Application Information
Although the MIC4423/24/25 drivers have been specifically
constructed to operate reliably under any practical
circumstances, there are nonetheless details of usage which
will provide better operation of the device.
Best practice for a ground path is obviously a well laid out
ground plane. However, this is not always practical, and a
poorly-laid out ground plane can be worse than none. Attention
to the paths taken by return currents even in a ground plane
is essential. In general, the leads from the driver to its load, the
driver to the power supply, and the driver to whatever is driving
it should all be as low in resistance and inductance as
possible.

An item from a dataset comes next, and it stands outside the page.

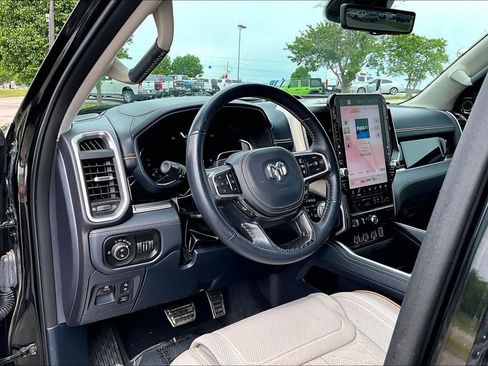 Used 2025 RAM 1500 Tungsten w/ Off Road Group AWD/4WD image 13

Of the three paths, the ground lead from the driver
to the logic driving it is most sensitive to resistance or
inductance, and ground current from the load are what is most
likely to cause disruption. Thus, these ground paths should be
arranged so that they never share a land, or do so for as short
a distance as is practical.
Supply Bypassing
Charging and discharging large capacitive loads quickly
requires large currents. For example, charging 2000pF from
0 to 15 volts in 20ns requires a constant current of 1.5A. In
practice, the charging current is not constant, and will usually
peak at around 3A. In order to charge the capacitor, the driver
must be capable of drawing this much current, this quickly,
from the system power supply. In turn, this means that as far
as the driver is concerned, the system power supply, as seen
by the driver, must have a VERY low impedance.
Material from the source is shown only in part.